The entries below hold a line with "Mayfairstamps Great Britain" and a line with "WellTech Inc vintage". Return those lines and all that lie between them, exactly and only.

- Data supplied -
== Segment start ==

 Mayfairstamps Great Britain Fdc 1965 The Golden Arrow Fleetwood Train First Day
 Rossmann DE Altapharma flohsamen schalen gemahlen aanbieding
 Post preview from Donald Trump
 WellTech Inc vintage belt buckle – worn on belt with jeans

== Segment end ==
== Segment start ==

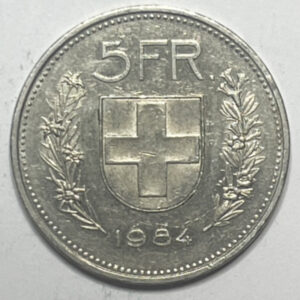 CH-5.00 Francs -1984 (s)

== Segment end ==
== Segment start ==

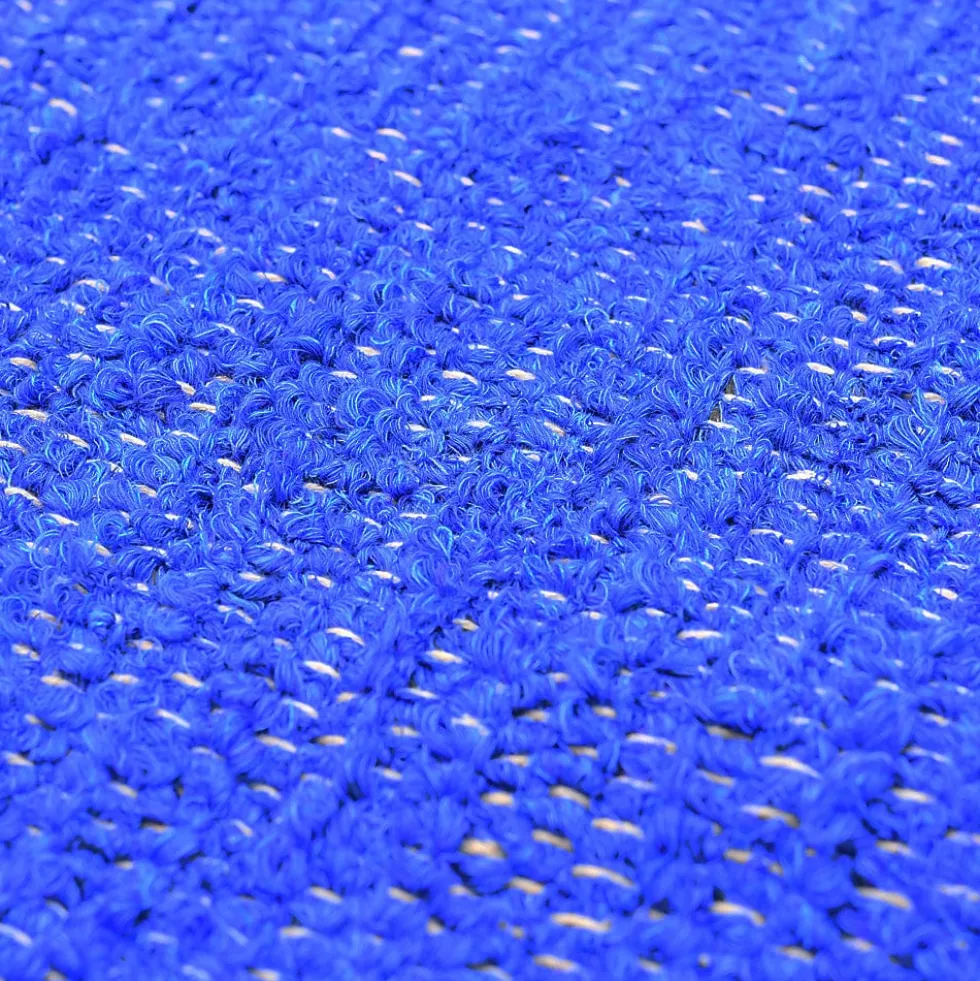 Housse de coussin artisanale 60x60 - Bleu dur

== Segment end ==

- Task response -
 Mayfairstamps Great Britain Fdc 1965 The Golden Arrow Fleetwood Train First Day
 Rossmann DE Altapharma flohsamen schalen gemahlen aanbieding
 Post preview from Donald Trump
 WellTech Inc vintage belt buckle – worn on belt with jeans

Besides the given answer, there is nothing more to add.